Sketched Regression

Consider a matrix \(\mathbf{M} \in \mathbb{R}^{n \times n}\). The main idea of randomized numerical linear algebra is to compress a matrix using a randomized method such as subsampling and then solve the problem we are interested in on the compressed matrix.

For example, we can approximately multiply two matrices by subsampling the rows and columns of the matrices.

We can also approximately solve regression problems by subsampling the rows of the matrix.

Today, we will discuss randomized approximate regression using a Johnson-Lindenstrauss matrix for compression.

The input is a matrix \(\mathbf{A} \in \mathbb{R}^{n \times d}\) and a vector \(\mathbf{b} \in \mathbb{R}^n\).

Consider the optimal solution to the least squares problem \[ \mathbf{x}^* = \arg \min_{\mathbf{x} \in \mathbb{R}^d} \| \mathbf{A} \mathbf{x} - \mathbf{b} \|_2^2 \] and the approximate solution \[ \tilde{\mathbf{x}} = \arg \min_{\mathbf{x} \in \mathbb{R}^d} \| \mathbf{\Pi} \mathbf{A} \mathbf{x} - \mathbf{\Pi} \mathbf{b} \|_2^2 \]

where \(\mathbf{\Pi} \in \mathbb{R}^{m \times n}\) is a Johnson-Lindenstrauss matrix with \(m \ll n\) rows.

The goal is to show that the quality of the approximate solution is close to the quality of the optimal solution.

Randomized Linear Regression: Let \(\mathbf{\Pi}\) be a properly scaled JL matrix (random Gaussian, random sign, sparse matrix, etc.) with \(m = O(d/\epsilon^2)\) rows. Then, with probability \(9/10\), for any \(\mathbf{A} \in \mathbb{R}^{n \times d}\) and \(\mathbf{b} \in \mathbb{R}^n\), \[ \| \mathbf{A} \tilde{\mathbf{x}} - \mathbf{b} \|_2^2 \leq (1+\epsilon) \| \mathbf{A} \mathbf{x}^* - \mathbf{b} \|_2^2. \]

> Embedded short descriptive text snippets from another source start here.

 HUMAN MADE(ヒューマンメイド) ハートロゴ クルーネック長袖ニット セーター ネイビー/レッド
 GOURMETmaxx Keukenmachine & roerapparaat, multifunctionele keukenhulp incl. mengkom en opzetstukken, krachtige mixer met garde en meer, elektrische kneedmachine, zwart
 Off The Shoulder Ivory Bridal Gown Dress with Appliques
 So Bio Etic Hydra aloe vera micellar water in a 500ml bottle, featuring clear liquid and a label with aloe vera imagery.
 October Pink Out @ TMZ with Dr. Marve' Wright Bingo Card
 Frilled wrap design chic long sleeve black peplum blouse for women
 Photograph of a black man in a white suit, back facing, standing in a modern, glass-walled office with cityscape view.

We will prove the theorem using an \(\epsilon\)-net argument. The technique is a popular approach for applying our standard concentration inequality and union bound argument to an infinite number of events. While the result we consider today is interesting, our real motivation is to explore this kind of argument because it appears in many other contexts in theoretical computer science and machine learning.

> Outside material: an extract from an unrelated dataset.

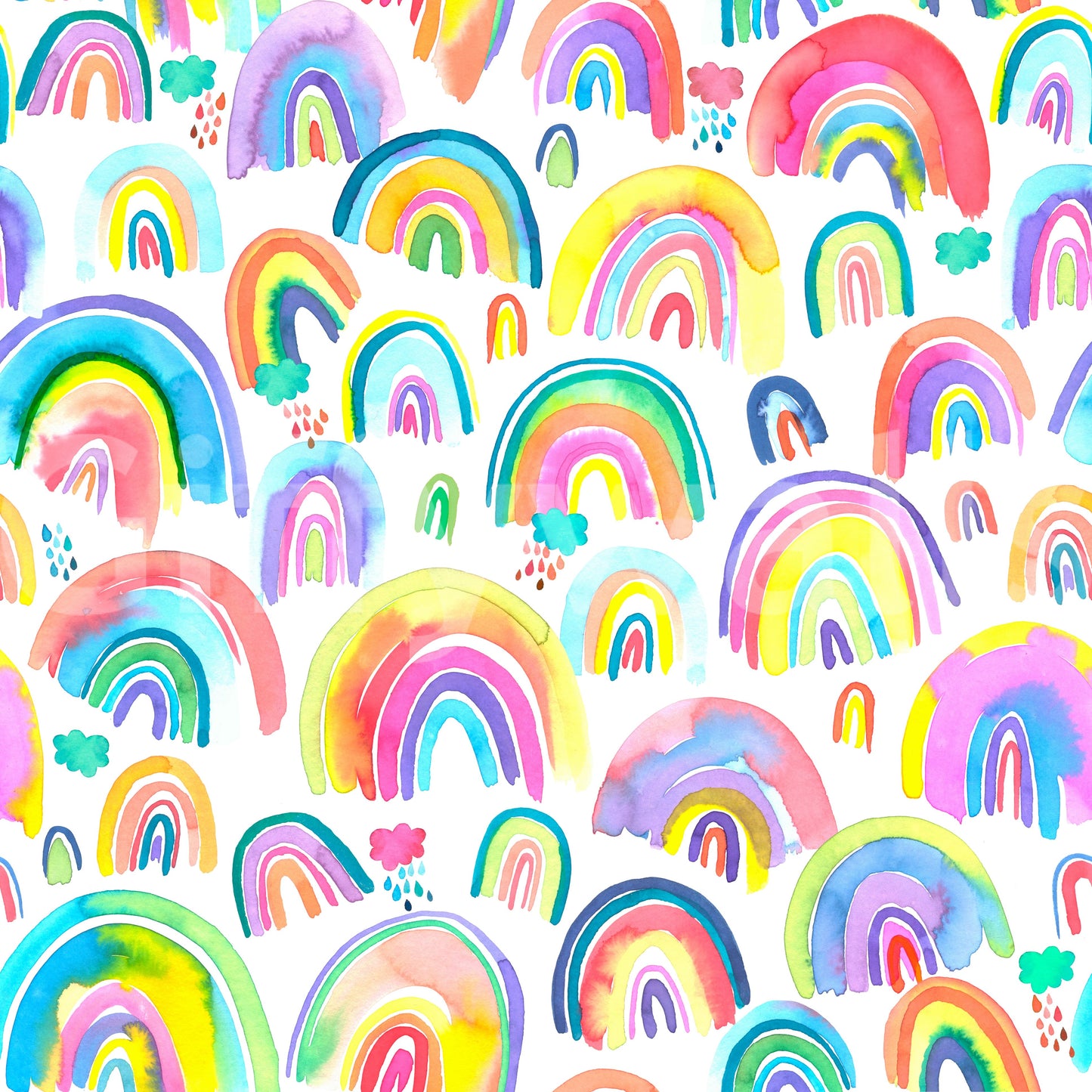 Whimsical mural with glowing rainbow designs in bright tones.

In order to prove the theorem, we will prove the following claim.

Claim: For all \(\mathbf{x} \in \mathbb{R}^d\), \[\begin{align*} (1-\epsilon) \| \mathbf{A} \mathbf{x} - \mathbf{b} \|_2^2 \leq \| \mathbf{\Pi} \mathbf{A} \mathbf{x} - \mathbf{\Pi} \mathbf{b} \|_2^2 \leq (1+\epsilon) \| \mathbf{A} \mathbf{x} - \mathbf{b} \|_2^2. \end{align*}\]

With the claim, we can prove the theorem since \[\begin{align*} \| \mathbf{A} \tilde{\mathbf{x}} - \mathbf{b} \|_2^2 &\leq \frac1{1-\epsilon} \| \mathbf{\Pi} \mathbf{A} \tilde{\mathbf{x}} - \mathbf{\Pi} \mathbf{b} \|_2^2 \\ & \leq \frac1{1-\epsilon} \| \mathbf{\Pi A} \mathbf{x}^* - \mathbf{\Pi b} \|_2^2 \\ & \leq \frac{1+\epsilon}{1-\epsilon} \| \mathbf{A} \mathbf{x}^* - \mathbf{b} \|_2^2 \end{align*}\] where the first and third inequalities are by the claim and the second inequality is by the optimality of \(\tilde{\mathbf{x}}\) for the compressed regression problem.

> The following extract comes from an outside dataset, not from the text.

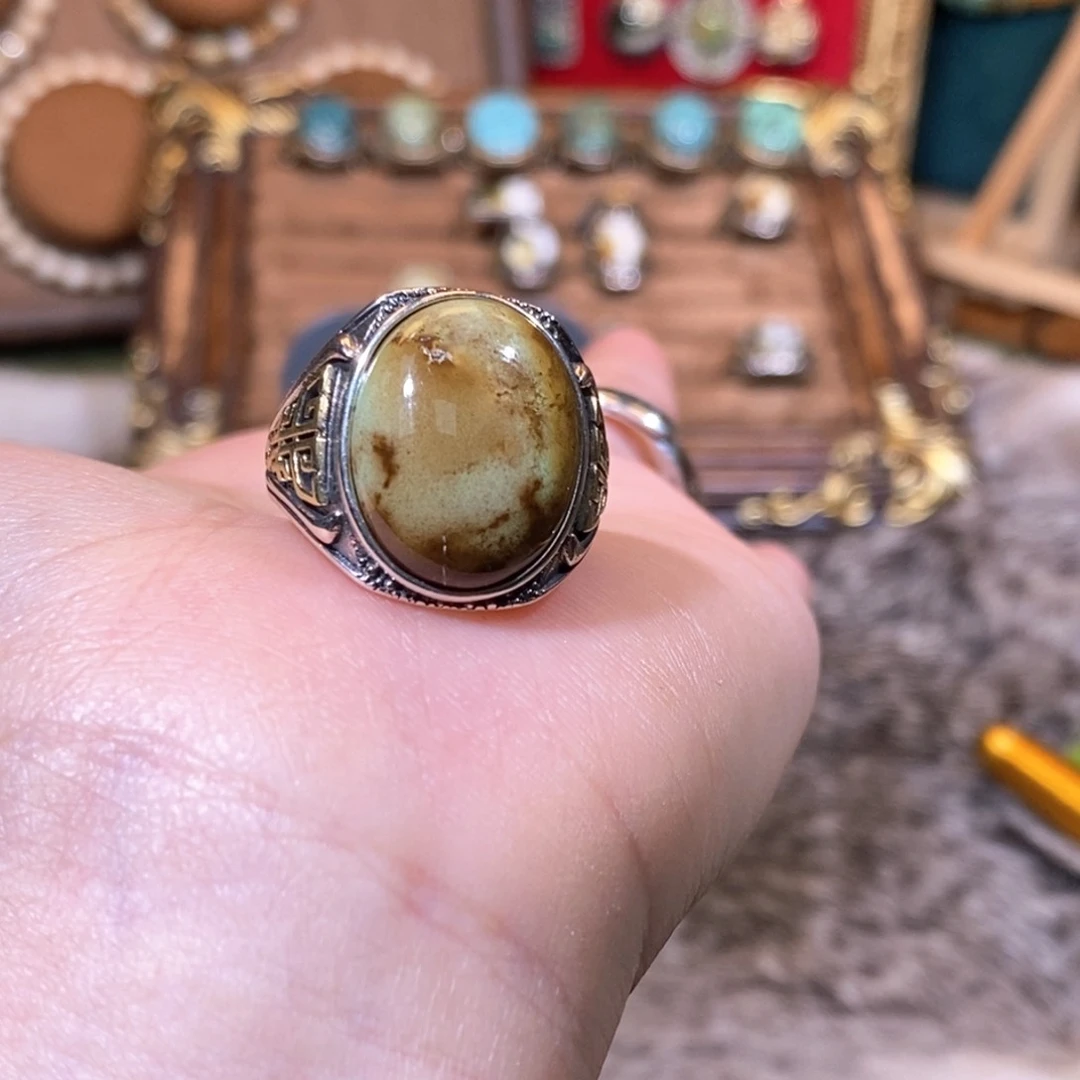 绿松石戒指银S925镶嵌姑**茗戒指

Recall the following lemma that we previously proved.

Distributional JL Lemma: If \(\mathbf{\Pi}\) is a properly scaled JL matrix with \(m = O(\log(1/\delta) /\epsilon^2)\) rows then for any fixed \(\mathbf{y}\), \[ (1-\epsilon) \| \mathbf{y} \|_2^2 \leq \| \mathbf{\Pi} \mathbf{y} \|_2^2 \leq (1+\epsilon) \| \mathbf{y} \|_2^2 \] with probabiity \(1-\delta\).

The challenge in going from the distributional JL lemma to the claim is that the JL lemma only holds for a fixed vector \(\mathbf{y}\) whereas we need it to hold for an infinite number of vectors.

Note that all vectors of the form \(\mathbf{Ax - b}\) lie in a low dimensional space spanned by \(d+1\) vectors where \(d\) is the number of columns in \(\mathbf{A}\). So even though the set is infinite, it is “simple” in some sense.

Our goal is to prove the following theorem.

Subspace Embedding Theorem: Let \(\mathcal{U} \subset \mathbb{R}^n\) be a \(d\)-dimensional subspace. If \(\mathbf{\Pi}\) is chosen from any distribution satisfying the distributional JL Lemma, then with probability \(1-\delta\), \[ (1-\epsilon) \| \mathbf{y} \|_2^2 \leq \| \mathbf{\Pi} \mathbf{y} \|_2^2 \leq (1+\epsilon) \| \mathbf{y} \|_2^2 \] for all \(\mathbf{y} \in \mathcal{U}\) as long as \(m = O \left( \frac{d \log(1/\epsilon) + \log(1/\delta)}{\epsilon^2} \right)\).

It is possible to obtain a slightly tighter bound of \(O \left( \frac{d + \log(1/\delta)}{\epsilon^2} \right)\) by using a more careful analysis.

If we can prove the subspace embedding theorem, the following corollary will follow.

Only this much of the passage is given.